__Assignment__.
Whenever the word "iWatch" appears in a line of the listing, copy that line.
━━━━
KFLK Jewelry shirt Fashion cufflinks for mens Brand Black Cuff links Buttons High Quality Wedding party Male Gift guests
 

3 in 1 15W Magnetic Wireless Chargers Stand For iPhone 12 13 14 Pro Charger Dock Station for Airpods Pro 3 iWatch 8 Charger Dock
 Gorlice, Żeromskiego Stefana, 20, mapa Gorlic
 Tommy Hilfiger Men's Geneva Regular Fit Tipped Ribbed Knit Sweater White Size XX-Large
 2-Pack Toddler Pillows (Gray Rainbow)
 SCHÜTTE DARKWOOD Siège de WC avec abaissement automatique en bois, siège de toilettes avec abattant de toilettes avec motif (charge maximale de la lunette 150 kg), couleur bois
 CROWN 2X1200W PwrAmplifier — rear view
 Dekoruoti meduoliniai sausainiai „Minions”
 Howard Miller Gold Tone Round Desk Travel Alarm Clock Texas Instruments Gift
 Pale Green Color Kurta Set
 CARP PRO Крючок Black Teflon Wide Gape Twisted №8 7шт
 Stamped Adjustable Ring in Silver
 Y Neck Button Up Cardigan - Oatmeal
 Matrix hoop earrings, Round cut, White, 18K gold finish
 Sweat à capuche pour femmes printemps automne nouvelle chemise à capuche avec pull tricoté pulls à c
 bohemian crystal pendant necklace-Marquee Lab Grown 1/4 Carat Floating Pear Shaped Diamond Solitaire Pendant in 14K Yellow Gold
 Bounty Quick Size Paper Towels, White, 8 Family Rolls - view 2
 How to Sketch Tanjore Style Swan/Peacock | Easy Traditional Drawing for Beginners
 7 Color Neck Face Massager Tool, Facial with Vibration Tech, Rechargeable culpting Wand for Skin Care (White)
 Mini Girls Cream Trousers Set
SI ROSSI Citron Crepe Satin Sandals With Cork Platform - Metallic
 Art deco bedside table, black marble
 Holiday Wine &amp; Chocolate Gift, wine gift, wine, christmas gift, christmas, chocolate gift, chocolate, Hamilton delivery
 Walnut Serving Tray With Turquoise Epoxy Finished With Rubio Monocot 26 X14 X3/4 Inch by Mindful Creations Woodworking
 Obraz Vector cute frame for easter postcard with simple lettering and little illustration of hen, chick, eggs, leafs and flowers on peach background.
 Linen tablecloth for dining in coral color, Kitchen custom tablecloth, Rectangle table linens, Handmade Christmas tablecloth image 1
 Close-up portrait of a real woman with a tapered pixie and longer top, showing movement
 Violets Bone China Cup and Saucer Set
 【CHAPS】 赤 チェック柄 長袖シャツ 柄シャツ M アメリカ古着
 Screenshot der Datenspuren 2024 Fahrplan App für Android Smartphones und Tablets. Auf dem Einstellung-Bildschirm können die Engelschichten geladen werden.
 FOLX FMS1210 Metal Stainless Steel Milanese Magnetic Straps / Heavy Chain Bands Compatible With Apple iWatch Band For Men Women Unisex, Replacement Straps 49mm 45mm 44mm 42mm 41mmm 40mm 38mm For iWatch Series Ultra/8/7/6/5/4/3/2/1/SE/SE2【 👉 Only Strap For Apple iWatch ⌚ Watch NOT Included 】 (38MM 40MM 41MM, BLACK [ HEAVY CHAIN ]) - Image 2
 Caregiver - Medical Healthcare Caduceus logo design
━━━━
__Result for this exercise__.
3 in 1 15W Magnetic Wireless Chargers Stand For iPhone 12 13 14 Pro Charger Dock Station for Airpods Pro 3 iWatch 8 Charger Dock
 FOLX FMS1210 Metal Stainless Steel Milanese Magnetic Straps / Heavy Chain Bands Compatible With Apple iWatch Band For Men Women Unisex, Replacement Straps 49mm 45mm 44mm 42mm 41mmm 40mm 38mm For iWatch Series Ultra/8/7/6/5/4/3/2/1/SE/SE2【 👉 Only Strap For Apple iWatch ⌚ Watch NOT Included 】 (38MM 40MM 41MM, BLACK [ HEAVY CHAIN ]) - Image 2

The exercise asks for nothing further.